DISGRACED peer Jeffrey Archer has demanded an apology after being sent to Hollesley Bay prison, it was revealed today.He has lodged an official complaint over the decision to move him from North Sea Camp open prison in Lincolnshire to Lincoln Jail and then to Suffolk.

By Paul Geater

DISGRACED peer Jeffrey Archer has demanded an apology after being sent to Hollesley Bay prison, it was revealed today.

He has lodged an official complaint over the decision to move him from North Sea Camp open prison in Lincolnshire to Lincoln Jail and then to Suffolk.

Archer was moved after it was revealed that he had joined a dinner party at the home of former cabinet minister Gillian Shephard while out on a home visit last summer.

The millionaire author, jailed for four years for perjury in 2001, has submitted a 44-page official complaint alleging that his punishment was disproportionate and that he had been singled out for harsh treatment.

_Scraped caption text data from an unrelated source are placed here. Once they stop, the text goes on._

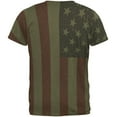 thumbnail image 2 of 4th of July American Flag Distressed Men's Soft T-Shirt Military Green LG, 2 of 2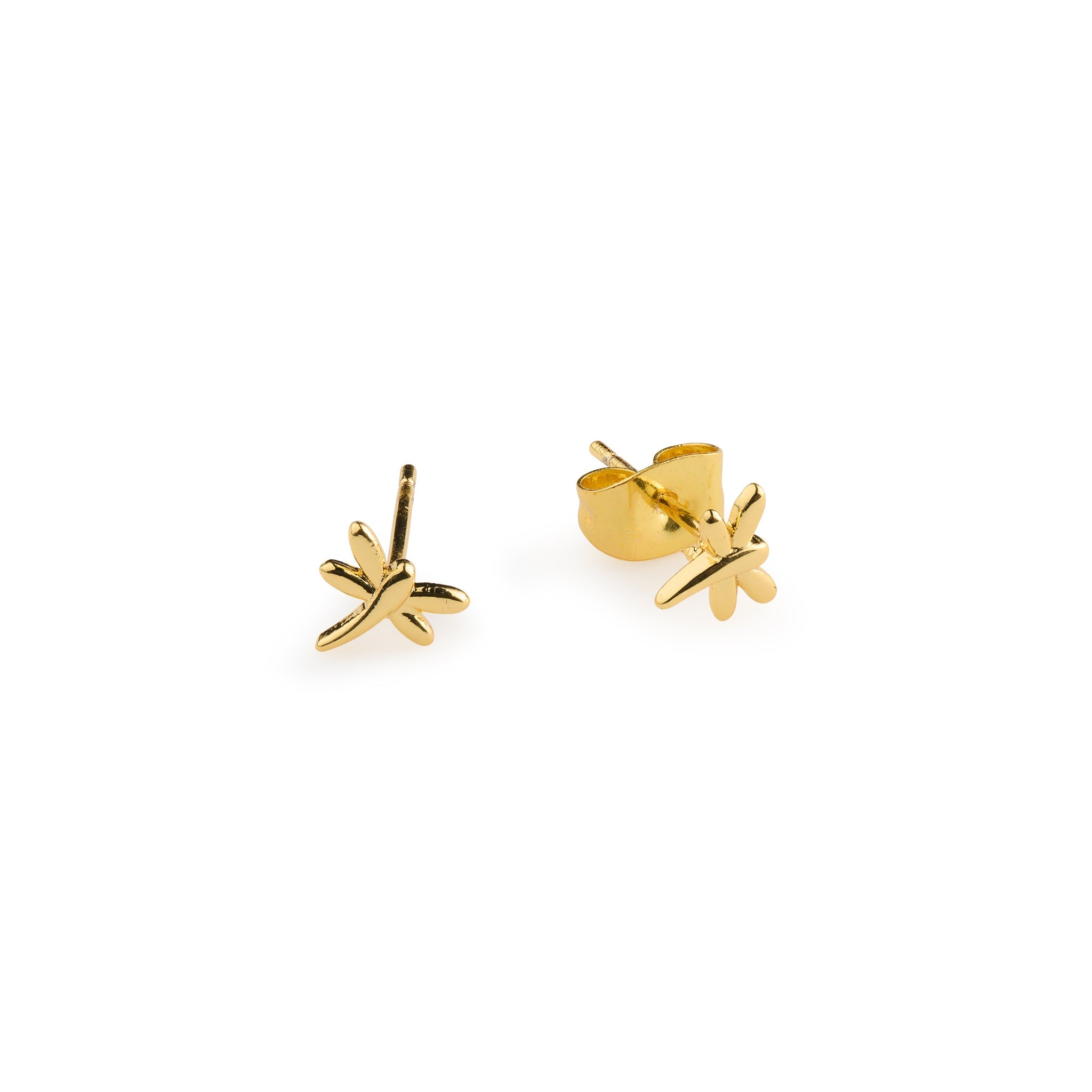 Noya - Minimalistic Dragonfly Stud Earrings - Gold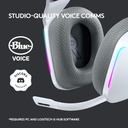 Auricular Logitech G733 LightSpeed RGB Wireless - Audífono con micrófono para gamer, inalámbrico, dts, compatible con PC/MAC/PS4, color blanco. 981-000882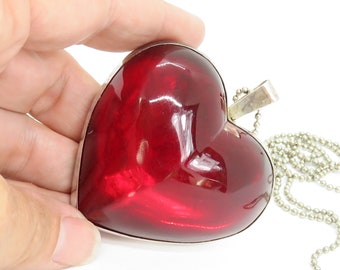 Vintage Heart Cherry Lucite Sterling Silver Necklace Earrings Artist Signed. BIG.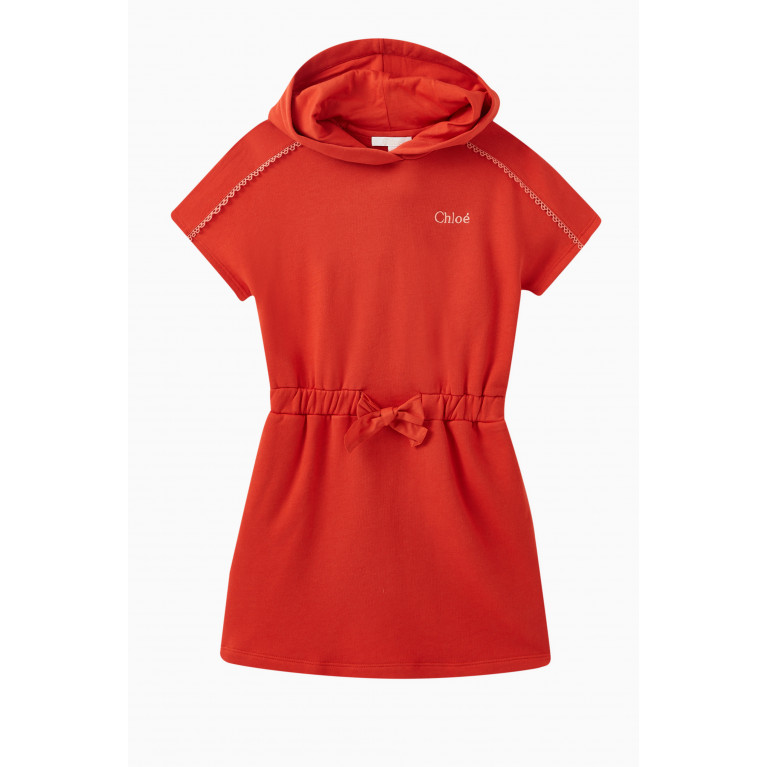 Chloé - Hooded Drawstring Dress in Cotton-jersey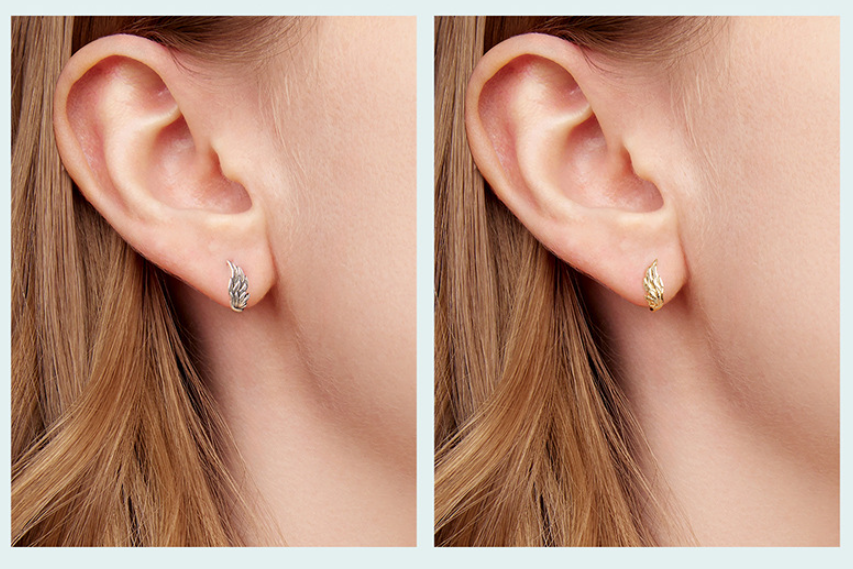 Pendientes de plata con alas angelicas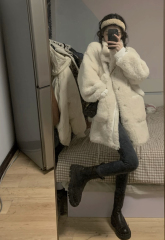 Real shot coat women standing collar medium length loose fur one piece thickened Lamb Fur grass coat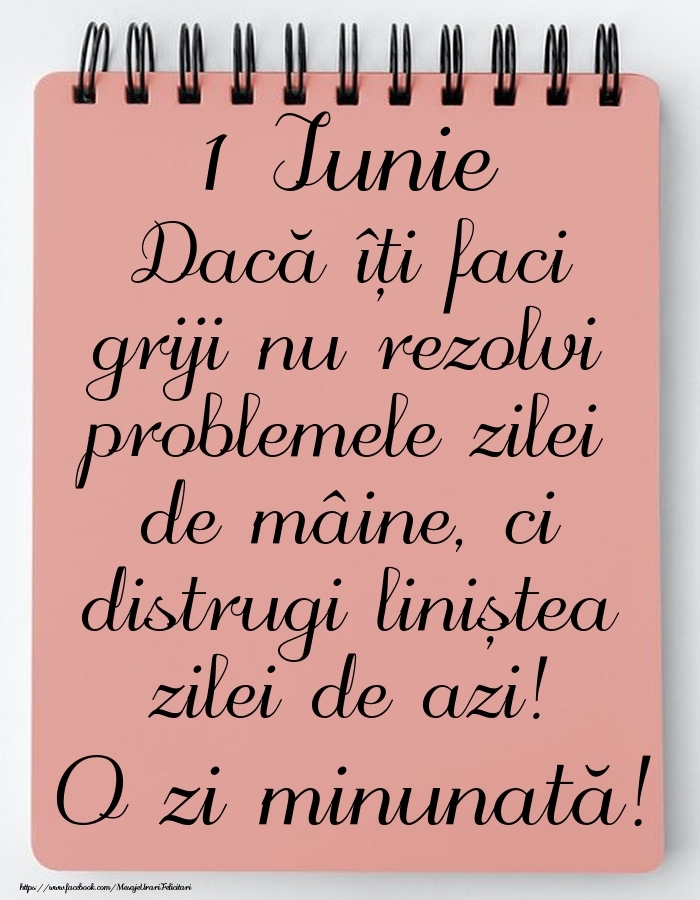 1 Iunie - Mesajul zilei - O zi minunată!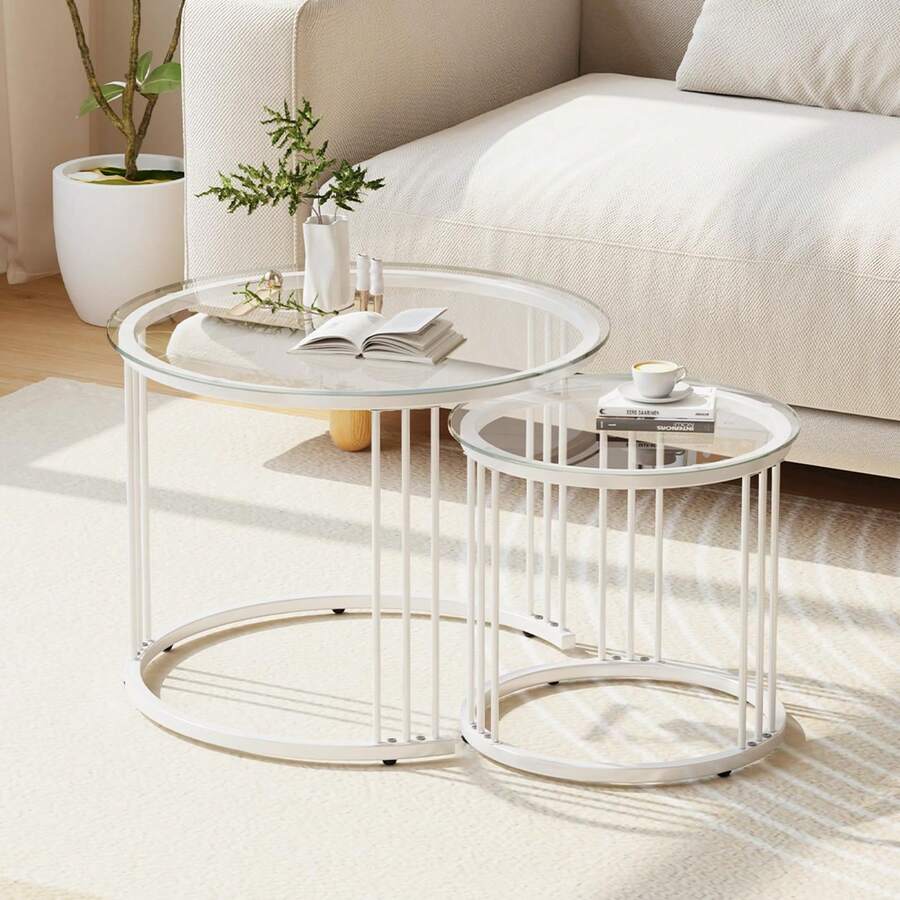 Nesting Coffee Table, 23.6" Round Coffee Table Set Of 2, Glass Nesting Table With Metal Frame, Ceter Tables For Living Room Bedroom Balcony - 白色 - 查看 1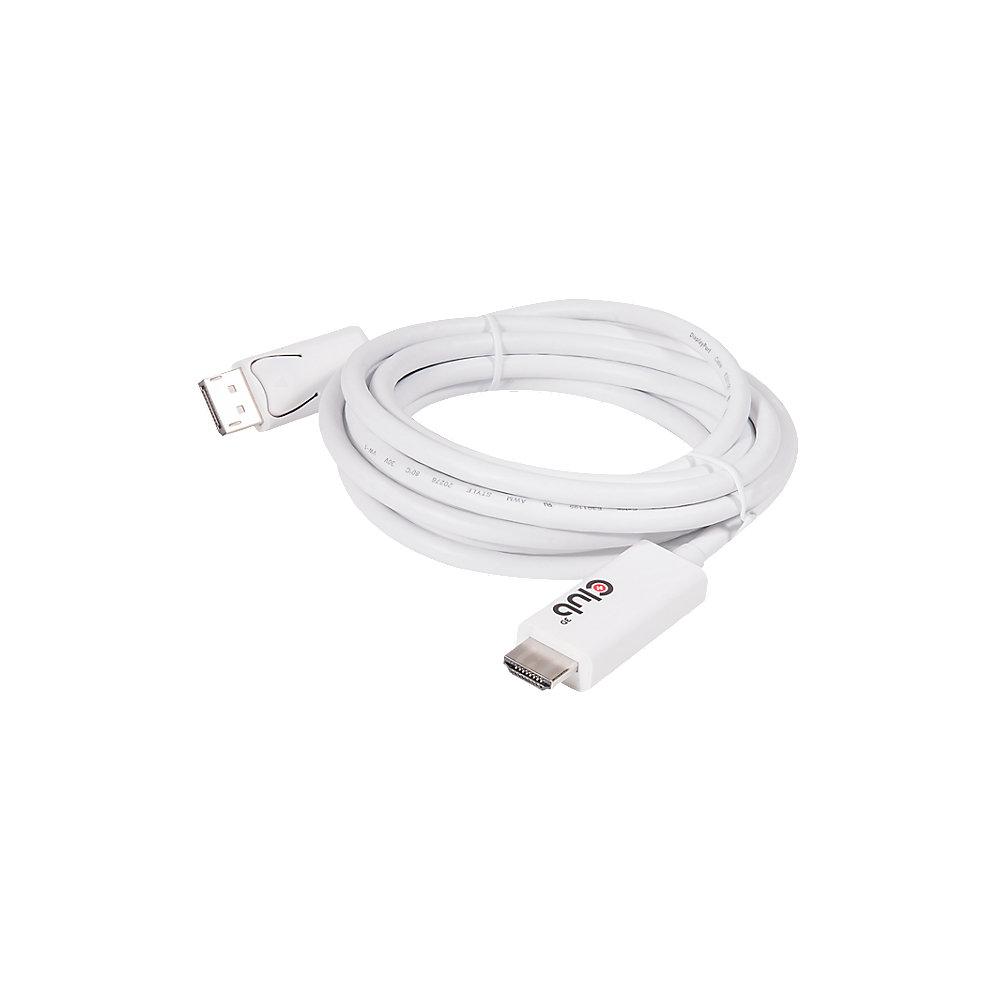 Club 3D DisplayPort Adapterkabel 3m DP zu HDMI 2.0 aktiv UHD 3D weiß CAC-1073, Club, 3D, DisplayPort, Adapterkabel, 3m, DP, HDMI, 2.0, aktiv, UHD, 3D, weiß, CAC-1073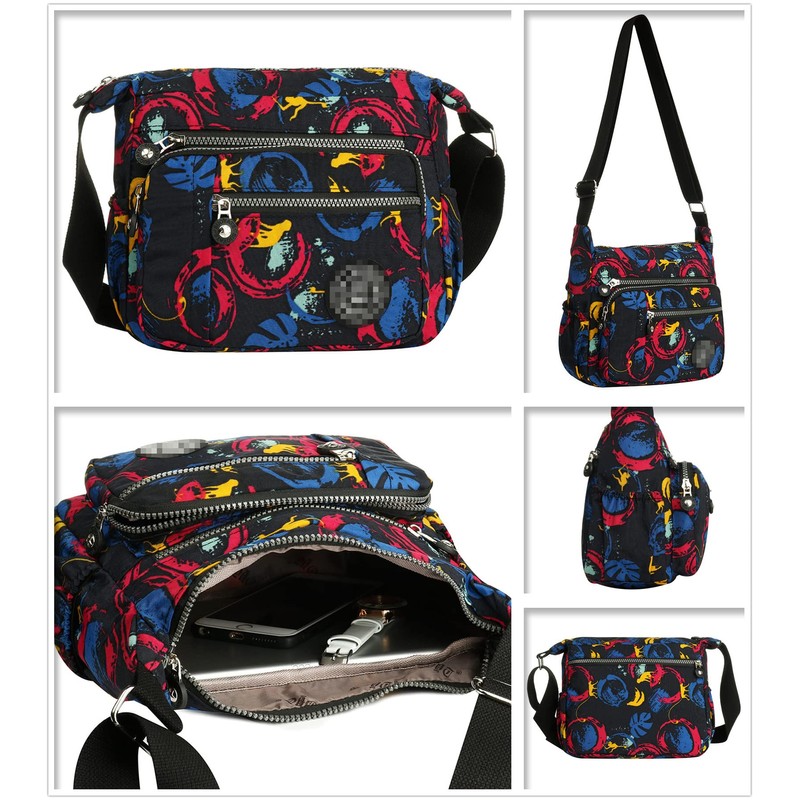 Cross body Bag Women Multi Pocket Lightly Nylon Messenger Bag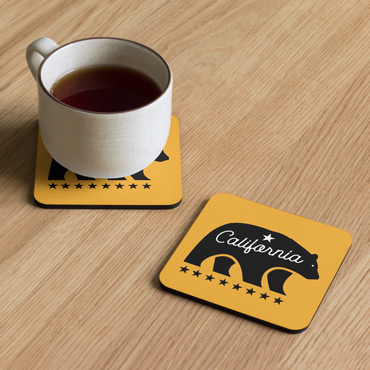 California Bear Mascot Cork-Back Coaster (Yellow/Black)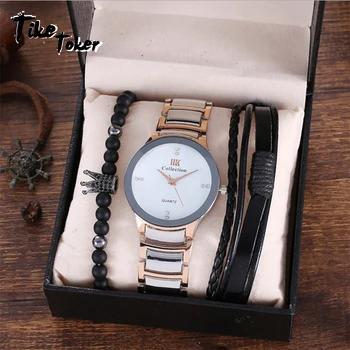 Tike Toker pánskej módy trend business elegantné Britský štýl oceľový pás quartz hodinky a Náramok Nastaviť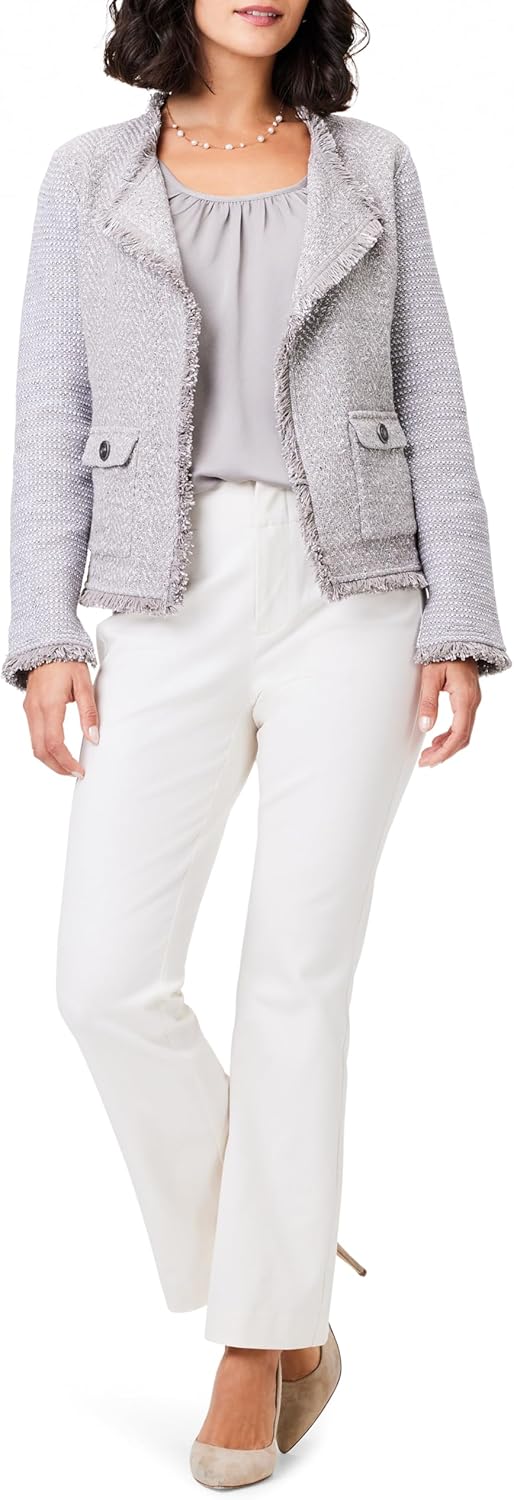 NIC+ZOE Women's Fringe Mix Knit Pocket Jacket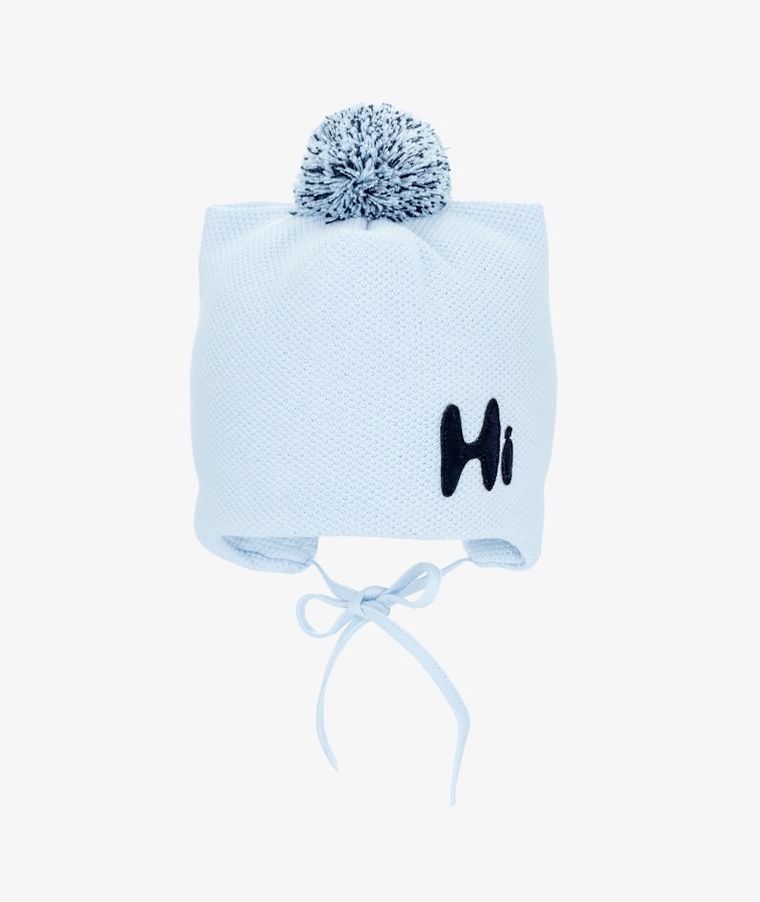 Czapka chłopięca, wiązana niebieska, Iltom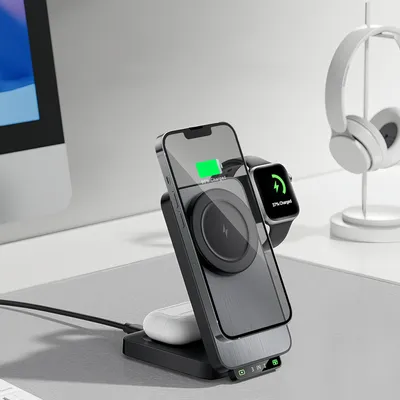 Produktbild von 3-in-1 Magnetische Kabellose Ladestation, für iPhone, Apple Watch und AirPods, Mehrere Geräte Reiseladestation, Kompakt für Büro und Zuhause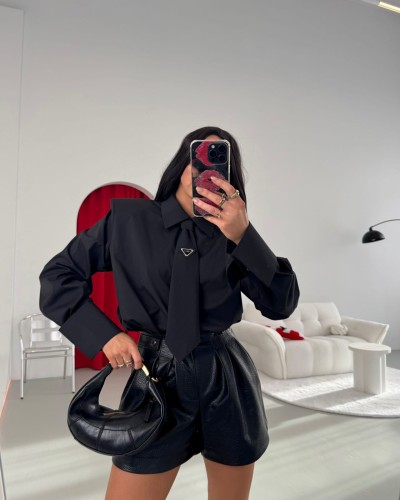 Koszula z krawatem La Milla czarna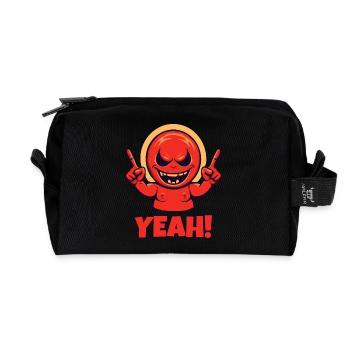 Pointant du doigt en l’air, le gars rouge dit oui - Trousse de toilette en tissu recyclé - noir - Devant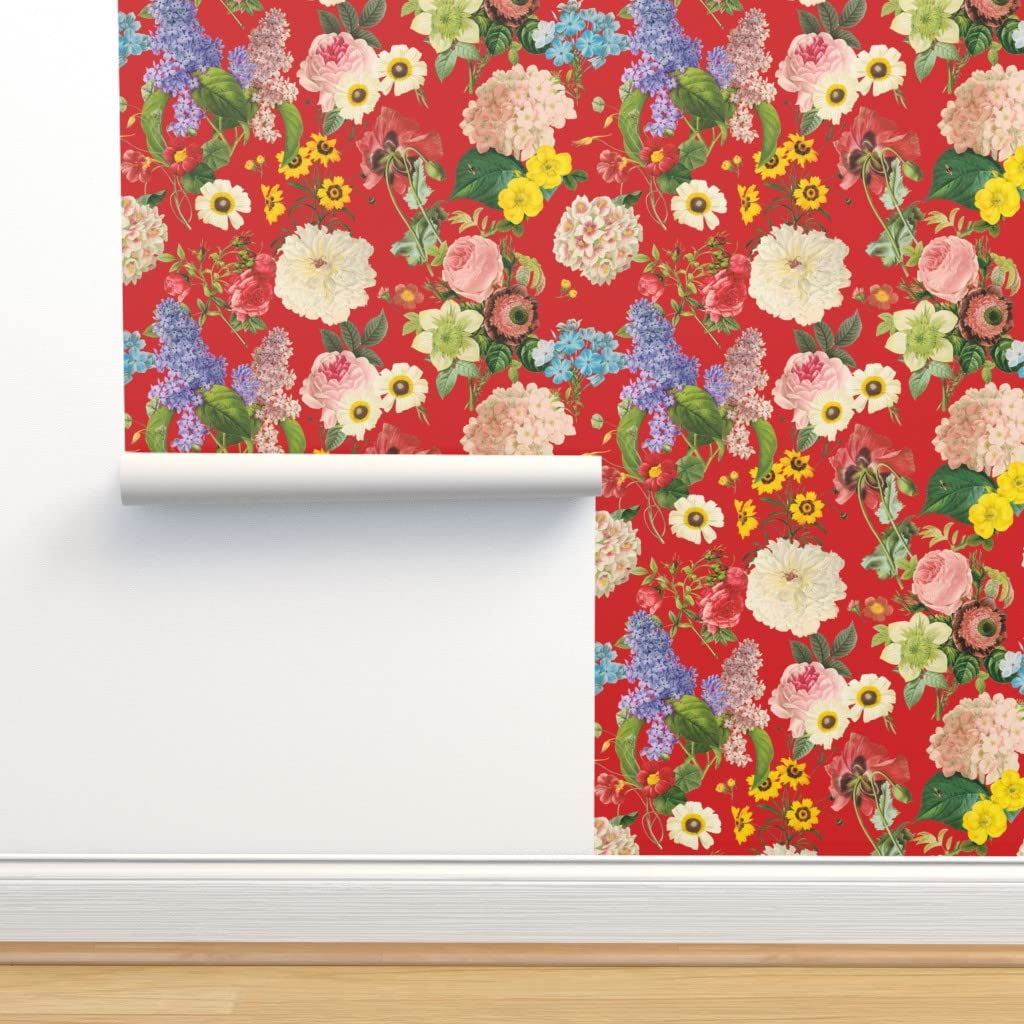 Peel & Stick Wallpaper Swatch - Floral Strawberry Garden Design | Removable Self-Adhesive Wallpaper for Bedroom, Nursery & Home Decor | Red Botanical Rococo Pattern by Spoonflower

He also accused the head of the prison service, Martin Narey, of launching an "unwarranted personal attack" on him during media interviews.

Archer says he knew he had to stay within a 55-mile radius of North Sea Camp when he was allowed out on home leave.

He had checked Mrs Shephard's home was within this area, and the prison rules did not say he had to remain in his own home during a visit.

"I genuinely thought I had acted entirely within the letter and spirit of the community visit regulations at all times," Archer said.

"Had I known that I should have asked permission to go out to lunch with my wife with friends, who lived closer to North Sea Camp than my own home, then I would have asked permission.

"I did not know I was contravening any rule, and certainly I had no deliberate intention to flout any."

He says his punishment – three weeks in Lincoln followed by transfer to Hollesley Bay which has fewer privileges than North Sea Camp – was disproportionate.

And the transfer could also affect his chances of getting parole, for which he will be eligible from July this year.

Meanwhile Archer is weighing up the options of working in the community in the Woodbridge area for £7 a week or staying inside a prison library.

The community service placements available to him could include time with the Hollesley-based Riding for the Disabled, the Thomas Wolsey special school in Ipswich or Oxfam shops in Woodbridge and Ipswich.

But Archer, 62, currently serving a four-year sentence at Hollesley Bay prison for perjury and perverting the course of justice, may be denied the chance of leaving the prison to help the community because of the intense media interest in him.

It also emerged yesterday that the multi-millionaire novelist has not made an application to work as a Community Service Volunteer (CSV) and he could decide to spend the rest of his sentence as the open prison's library orderly.